Matt & Topher spent evenings and weekends building a distillery and tasting room by hand in an old barn on historic Route One in Newcastle Maine. They sourced organic grains and fruits from the fields of farmers they count as friends, and demanded organic sugars and drew waters so pure locals still harvest winter ice. They refined their fermentations again and again to showcase the unique signatures of their still. And through it all, they gathered knowledge, inspiration, a helping hand and an honest opinion from other distillers, family and friends, and every stranger fairly met.
Friends & Family
Behind every barn there is a barn raising. Each and every time Matt & Topher walk through the doors of their own red barn, they think about everyone who lifted them up along the way.
From the very beginning, every time those doors opened a friendly face walked in and asked how they could help.
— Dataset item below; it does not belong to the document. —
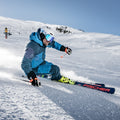 Frase riscritta: Uno sciatore in tenuta blu, che indossa gli occhiali TROOP EVO di NAKED Optics con rivestimento antiappannamento, scende a tutta velocità lungo un pendio innevato in una giornata di sole.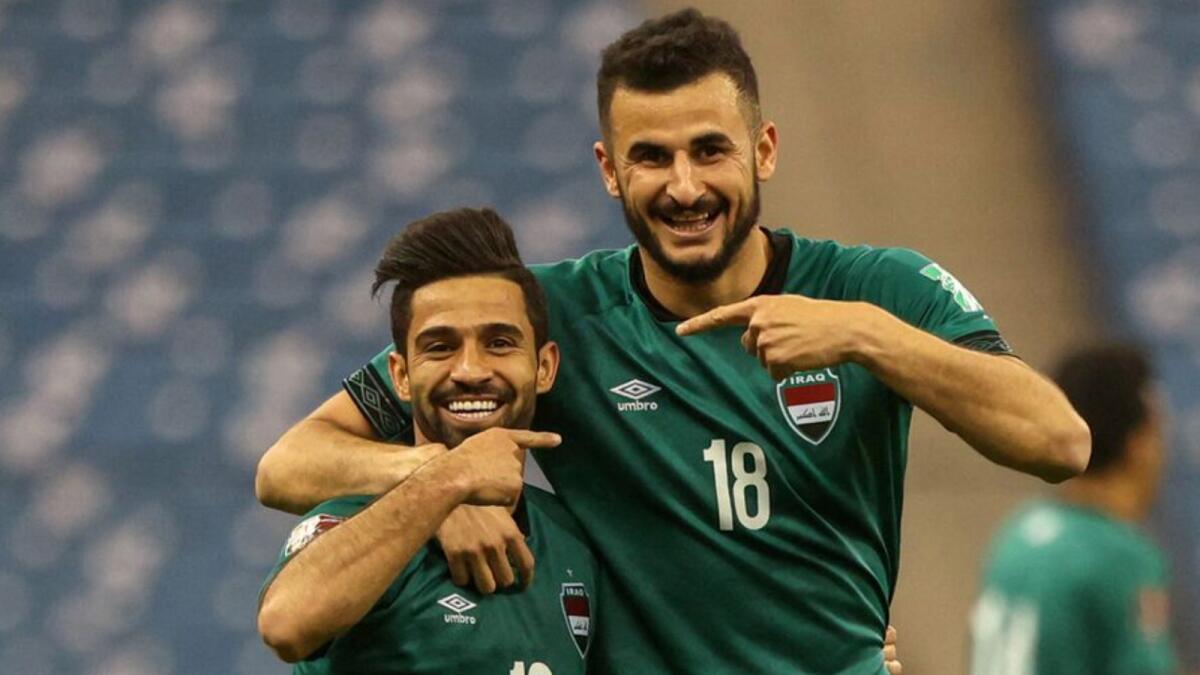 Iraq's Hussein Ali (left) celebrates his goal with Aymen Hussein during the match against UAE. (AFC website)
Thier friends and family provided the tools and materials needed, the expertise they didn’t have, the ideas and solutions that eluded them, and encouragement and support. It was dirty, frustrating work sometimes, and yet no one ever flinched.
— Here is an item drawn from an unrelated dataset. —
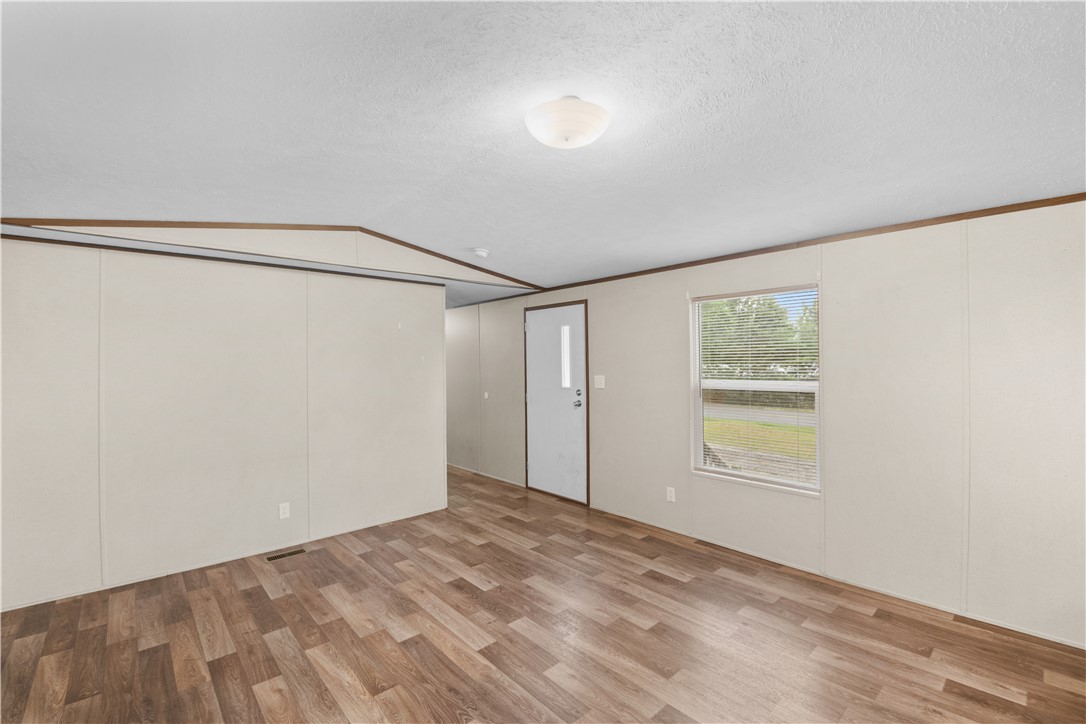 1188 Old Liberty Road Easley, SC 29640 - Photo 7 of 28 This bright living area features resilient vinyl plank flooring and ample natural light.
Split Rock Distilling is committed to doing things the right way. From sourcing local, wholesome organic ingredients to only selling their own handcrafted spirits, they take every chance to give back to the community that has supported them since the beginning. They bottle their authentic spirits in recycled bottles with post-consumer waste paper labels, and since April of 2018 they have stepped up our sustainable practices by offsetting a portion of the distillery’s electrical usage with solar panels. The thirty-six solar panels on the roof in Newcastle, Maine produces over 11,000 kilowatt-hours of electricity each year, and offsets 9987 lbs of carbon. They further cut back on carbon emissions with an electric vehicle charger on-site.
Grain to Glass, and Back
When you commit to using good, wholesome organic ingredients, it turns out that you can do a lot of good.What goes into each glass of Split Rock organic spirits? Certified organic food grade corn, wheat and rye. Certified organic raw sugars. Certified organic wild Maine blueberries, organic herbs and aromatics. Waters pulled up through granite from the purest and cleanest estuary in the Northeast—the Damariscotta River, washed clean twice a day by the tides of the Great Salt Bay. Waters so abundant and so pure the locals still harvest winter ice. Matt & Topher looked at all this goodness, and knew they couldn’t let anything go to waste. It wasn’t enough to distill Maine’s first organic grain to glass whiskeys, rums, vodkas and gin. They had gone from farm to table, so we went back to the farm. The nutrient-rich mash that is left over from the distilling process is feeding the heirloom pigs on High on the Hog farm, fattening them round as whiskey barrels. The organic cows of Rainbow Farm and Straw Farm eat grains from the distillery along with their grasses. A local lab found so many minerals and nutrients in the water slurry that it’s sprayed as compost on the rolling fields of organic produce at Dandelion Spring Farm.
Split Rocks bottle labels are printed on post consumer waste papers, and their bottles are recycled and re-used. The tasting room bar is made of salvaged wood. Every chance they get to reduce, re-use or recycle, they take.
There is a real split rock on Split Rock Road and we still drive past it almost every day—a rough plug of granite, cracked open long ago by time or skill (or a little of both) to reveal an unexpected smoothness within. That is the spirit of Split Rock.